Next year's proposed budget for the Salt Lake City School District includes $8.2 million to cool East, West and Highland high schools, perhaps by spring 1999.

"I'm just excited that we're ready to start," Karen Derrick, president of the Salt Lake City Board of Education, said Wednesday.The district for two years has set aside funds to implement air conditioning, beginning in the high schools this summer.

The 1998-99 budget proposal, presented to the school board Tuesday, also sets aside $7.6 million for a new northwest elementary school and nearly $1 million for structural replacements at Whittier, Franklin and Riley elementary schools and to retrofit Jackson Elementary School.

About $63,000 is earmarked for future air conditioning at Ensign, Hawthorne, Uintah and Washington elementary schools. About $610,000 would upgrade the West High ballfields and build a soccer field at the Horace Mann property southwest of the school. The school board in March voted to allow West to use the four acres.

The district's proposed budget totals $162.9 million - an $18 million or 12.5 percent increase from the current year.
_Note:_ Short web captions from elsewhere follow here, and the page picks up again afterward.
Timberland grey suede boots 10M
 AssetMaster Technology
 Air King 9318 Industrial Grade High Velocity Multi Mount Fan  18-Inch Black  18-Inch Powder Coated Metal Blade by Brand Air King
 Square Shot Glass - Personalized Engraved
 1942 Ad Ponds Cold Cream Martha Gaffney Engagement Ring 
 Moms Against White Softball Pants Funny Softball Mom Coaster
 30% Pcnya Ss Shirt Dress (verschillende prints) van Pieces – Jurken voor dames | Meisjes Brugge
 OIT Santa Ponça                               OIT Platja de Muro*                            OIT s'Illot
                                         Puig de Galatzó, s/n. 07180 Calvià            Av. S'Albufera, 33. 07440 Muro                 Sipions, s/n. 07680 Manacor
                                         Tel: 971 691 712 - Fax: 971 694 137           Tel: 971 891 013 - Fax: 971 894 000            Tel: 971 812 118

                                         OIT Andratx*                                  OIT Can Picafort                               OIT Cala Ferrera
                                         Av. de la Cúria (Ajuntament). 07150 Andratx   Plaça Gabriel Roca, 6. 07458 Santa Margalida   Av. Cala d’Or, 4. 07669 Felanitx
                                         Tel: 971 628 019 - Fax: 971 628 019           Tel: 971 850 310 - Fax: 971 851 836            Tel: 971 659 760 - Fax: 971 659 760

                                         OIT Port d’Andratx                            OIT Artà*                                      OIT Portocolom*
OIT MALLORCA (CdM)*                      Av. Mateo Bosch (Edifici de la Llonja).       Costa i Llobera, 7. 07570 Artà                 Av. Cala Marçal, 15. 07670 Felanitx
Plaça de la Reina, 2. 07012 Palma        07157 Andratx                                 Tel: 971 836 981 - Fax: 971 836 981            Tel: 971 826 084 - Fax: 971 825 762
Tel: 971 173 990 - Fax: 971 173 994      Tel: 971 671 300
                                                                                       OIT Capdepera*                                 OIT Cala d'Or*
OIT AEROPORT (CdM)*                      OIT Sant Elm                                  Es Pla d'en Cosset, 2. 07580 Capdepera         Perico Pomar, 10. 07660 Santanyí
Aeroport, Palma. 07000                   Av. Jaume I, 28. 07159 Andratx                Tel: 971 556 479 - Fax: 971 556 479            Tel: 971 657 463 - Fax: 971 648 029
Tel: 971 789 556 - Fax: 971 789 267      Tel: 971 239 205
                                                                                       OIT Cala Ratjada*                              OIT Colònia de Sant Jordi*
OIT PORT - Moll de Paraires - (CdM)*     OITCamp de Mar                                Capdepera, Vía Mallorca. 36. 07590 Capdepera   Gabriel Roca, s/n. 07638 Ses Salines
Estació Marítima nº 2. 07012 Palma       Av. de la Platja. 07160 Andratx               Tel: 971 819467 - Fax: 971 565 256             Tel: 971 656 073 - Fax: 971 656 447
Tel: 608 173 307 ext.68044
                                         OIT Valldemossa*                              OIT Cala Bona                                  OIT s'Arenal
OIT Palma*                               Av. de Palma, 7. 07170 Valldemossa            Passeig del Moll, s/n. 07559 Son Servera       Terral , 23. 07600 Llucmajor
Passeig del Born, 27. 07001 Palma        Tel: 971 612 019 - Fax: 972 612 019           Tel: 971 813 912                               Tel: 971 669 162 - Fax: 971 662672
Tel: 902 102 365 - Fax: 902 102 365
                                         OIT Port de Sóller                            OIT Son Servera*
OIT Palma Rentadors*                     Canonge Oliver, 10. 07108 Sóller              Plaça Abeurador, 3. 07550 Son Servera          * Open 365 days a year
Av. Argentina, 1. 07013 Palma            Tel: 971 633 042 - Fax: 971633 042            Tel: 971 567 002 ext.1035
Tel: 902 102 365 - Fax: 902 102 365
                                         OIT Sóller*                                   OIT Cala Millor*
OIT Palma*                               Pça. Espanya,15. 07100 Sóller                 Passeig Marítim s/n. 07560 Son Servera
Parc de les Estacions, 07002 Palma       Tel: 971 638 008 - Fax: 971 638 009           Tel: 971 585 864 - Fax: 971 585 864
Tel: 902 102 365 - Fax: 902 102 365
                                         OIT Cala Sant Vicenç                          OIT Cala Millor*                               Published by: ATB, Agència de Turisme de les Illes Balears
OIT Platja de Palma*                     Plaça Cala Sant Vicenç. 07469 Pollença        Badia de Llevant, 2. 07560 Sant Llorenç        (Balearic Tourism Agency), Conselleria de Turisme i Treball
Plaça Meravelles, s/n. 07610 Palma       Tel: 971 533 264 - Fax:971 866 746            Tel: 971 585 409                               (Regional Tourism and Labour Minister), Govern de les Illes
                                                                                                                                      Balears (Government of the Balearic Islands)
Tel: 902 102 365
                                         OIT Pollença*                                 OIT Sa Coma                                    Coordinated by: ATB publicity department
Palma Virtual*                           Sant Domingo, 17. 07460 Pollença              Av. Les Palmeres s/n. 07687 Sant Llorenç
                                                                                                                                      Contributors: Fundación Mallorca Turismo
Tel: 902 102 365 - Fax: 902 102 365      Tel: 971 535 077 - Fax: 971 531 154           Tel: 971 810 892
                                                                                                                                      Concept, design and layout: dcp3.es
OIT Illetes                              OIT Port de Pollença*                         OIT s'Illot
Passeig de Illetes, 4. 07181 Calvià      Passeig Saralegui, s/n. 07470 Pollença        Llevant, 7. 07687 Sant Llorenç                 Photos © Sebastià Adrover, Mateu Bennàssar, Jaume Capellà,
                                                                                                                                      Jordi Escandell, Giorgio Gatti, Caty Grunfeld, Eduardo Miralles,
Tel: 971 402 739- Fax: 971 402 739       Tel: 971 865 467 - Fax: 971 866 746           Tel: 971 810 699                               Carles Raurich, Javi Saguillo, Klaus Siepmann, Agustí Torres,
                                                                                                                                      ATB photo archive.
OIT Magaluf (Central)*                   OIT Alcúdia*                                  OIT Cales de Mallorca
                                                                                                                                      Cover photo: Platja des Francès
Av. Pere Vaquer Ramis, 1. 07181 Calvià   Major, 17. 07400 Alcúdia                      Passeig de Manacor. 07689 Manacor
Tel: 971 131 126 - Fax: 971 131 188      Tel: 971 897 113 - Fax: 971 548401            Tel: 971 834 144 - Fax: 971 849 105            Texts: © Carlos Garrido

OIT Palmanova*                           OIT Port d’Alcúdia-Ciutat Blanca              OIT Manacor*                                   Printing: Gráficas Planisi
More than half of the budget would fund salaries.

"It is always difficult to match scarce resources with the many needs of our educational system and there is never enough to satisfy all needs," Superintendent Darline Robles said in an executive summary. "However, I believe that this budget demonstrates reasonable progress in the effort to satisfy the many needs of the system."

Air conditioning is one need that last fall whirled a sandstorm of public outcry. Some teachers and students became sick as the mercury reached 100 degrees in some classrooms. Nine of Salt Lake District's 36 schools are air-conditioned, as are the school district offices.

Since then, the school board has voted to seek bonds to cool all schools by 2006 and speed up ongoing retrofits for a 2008 completion. No election date has been set, but the district does not want to overlap its bond election with the city's bond proposal for libraries, Derrick said.

Proposed school bond dollars are unspecified, but talks have centered around $90 million, with no tax hikes.

Revenues are exceeding district expenditures as part of about a five-year trend, offering some tax relief for next year's proposed budget. The owner of a $100,000 home is expected to pay $323 in property taxes for schools, about $1.50 less than the previous year.

District enrollment next fall is to dip by 31 students to 25,190. But one more teacher will come on board due to legislative class-size reduction efforts. A new principal also will be hired for the new elementary school, opening in fall 1999.

The budget includes a 4.5 percent increase in per-pupil expenditures to $3,488, keeping the district in the state's upper echelon for pupil spending.

The district last fall also obtained a federal poverty grant, which will allocate $1.6 million over the next five years to help low-income students in targeted areas.

"I anticipate this will the budget we accept in June," Derrick said.